Stored data entries
◆ ◆ ◆ ◆ ◆ ◆ ◆
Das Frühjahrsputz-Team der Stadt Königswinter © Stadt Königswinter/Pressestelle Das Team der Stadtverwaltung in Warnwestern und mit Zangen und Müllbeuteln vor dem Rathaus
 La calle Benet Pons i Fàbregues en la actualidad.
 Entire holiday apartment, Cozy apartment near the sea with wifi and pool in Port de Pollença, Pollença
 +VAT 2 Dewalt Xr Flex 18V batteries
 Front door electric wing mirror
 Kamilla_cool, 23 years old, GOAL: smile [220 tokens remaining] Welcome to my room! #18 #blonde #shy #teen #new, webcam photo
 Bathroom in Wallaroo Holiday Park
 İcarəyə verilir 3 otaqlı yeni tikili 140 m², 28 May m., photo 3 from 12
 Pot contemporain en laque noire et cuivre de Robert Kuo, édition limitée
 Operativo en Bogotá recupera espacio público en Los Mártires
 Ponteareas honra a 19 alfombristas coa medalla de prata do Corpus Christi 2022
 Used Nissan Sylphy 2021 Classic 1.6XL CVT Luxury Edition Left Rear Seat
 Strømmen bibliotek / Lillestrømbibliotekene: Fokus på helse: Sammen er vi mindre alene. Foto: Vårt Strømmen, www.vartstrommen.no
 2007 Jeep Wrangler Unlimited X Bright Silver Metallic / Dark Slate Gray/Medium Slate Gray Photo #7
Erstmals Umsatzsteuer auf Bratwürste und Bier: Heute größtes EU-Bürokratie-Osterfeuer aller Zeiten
◆ ◆ ◆ ◆ ◆ ◆ ◆
• WORK ITEM
Retype all of the data shown above, word for word.

• OUTPUT OF THE EXERCISE
Das Frühjahrsputz-Team der Stadt Königswinter © Stadt Königswinter/Pressestelle Das Team der Stadtverwaltung in Warnwestern und mit Zangen und Müllbeuteln vor dem Rathaus
 La calle Benet Pons i Fàbregues en la actualidad.
 Entire holiday apartment, Cozy apartment near the sea with wifi and pool in Port de Pollença, Pollença
 +VAT 2 Dewalt Xr Flex 18V batteries
 Front door electric wing mirror
 Kamilla_cool, 23 years old, GOAL: smile [220 tokens remaining] Welcome to my room! #18 #blonde #shy #teen #new, webcam photo
 Bathroom in Wallaroo Holiday Park
 İcarəyə verilir 3 otaqlı yeni tikili 140 m², 28 May m., photo 3 from 12
 Pot contemporain en laque noire et cuivre de Robert Kuo, édition limitée
 Operativo en Bogotá recupera espacio público en Los Mártires
 Ponteareas honra a 19 alfombristas coa medalla de prata do Corpus Christi 2022
 Used Nissan Sylphy 2021 Classic 1.6XL CVT Luxury Edition Left Rear Seat
 Strømmen bibliotek / Lillestrømbibliotekene: Fokus på helse: Sammen er vi mindre alene. Foto: Vårt Strømmen, www.vartstrommen.no
 2007 Jeep Wrangler Unlimited X Bright Silver Metallic / Dark Slate Gray/Medium Slate Gray Photo #7
Erstmals Umsatzsteuer auf Bratwürste und Bier: Heute größtes EU-Bürokratie-Osterfeuer aller Zeiten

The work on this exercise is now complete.